Comment by duskwuff
1 day ago
It's a bit more than that. The list of X coordinates is cumulative - once an X coordinate has been marked as an inversion, it continues to be treated as an inversion on all Y coordinates below that, not just until the next Y coordinate shows up. (This manifests in the code as D3 never being reset within the NOTRECT loop.) This makes it easier to perform operations like taking the union of two disjoint regions - the sets of points are simply sorted and combined.
Uhm can you better explain that? I don’t get it. D3 doesn’t get reset because it’s guaranteed to be 0 at the beginning of each scanline, and the code needs to go through all “scanline blocks” until it finds the one whose Y contains the one specified as argument. It seems to me that each scanline is still self contained and begins logically at X=0 in the “outside” state?
> D3 doesn’t get reset because it’s guaranteed to be 0 at the beginning of each scanline
There's no such guarantee. The NEXTHOR loop only inverts for points which are to the absolute left of the point being tested ("IS HORIZ <= PT.H ? \\ NO, IGNORE THIS POINT").

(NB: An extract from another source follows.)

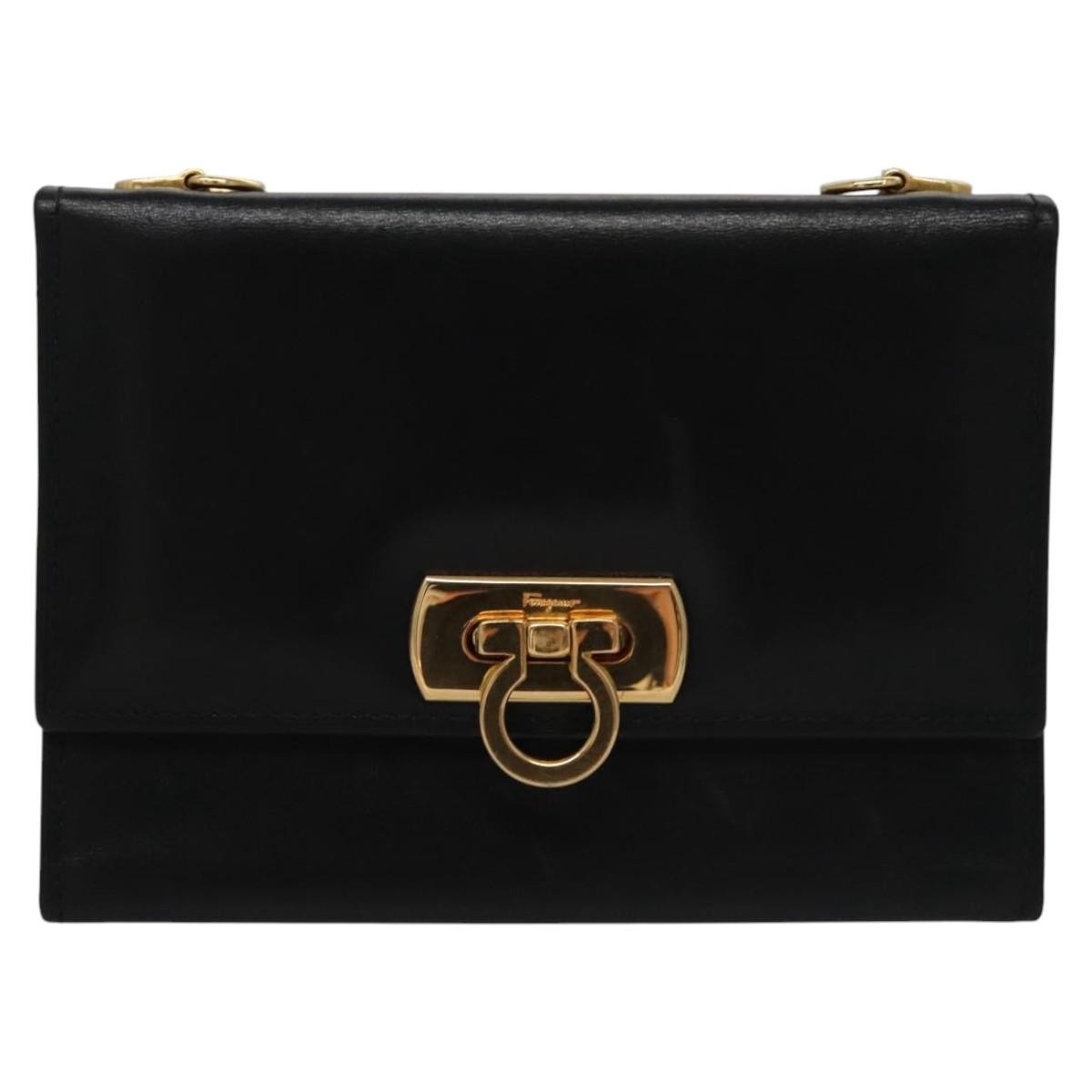 Salvatore Ferragamo Vintage Gancini Flap Crossbody Bag Leather, BLACK, LEATHER, Clutche & pouche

Imagine that, for every point, there's a line of inversion that goes all the way down to the bottom of the bounding box. For a typical rectangular region, there's going to be four inversion points - one for each corner of the rectangle. The ones on the bottom cancel out the ones on the top. To add a second disjoint rectangle to the region, you'd simply include its four points as well; so long as the regions don't actually overlap, there's no need to keep track of whether they share any scan lines.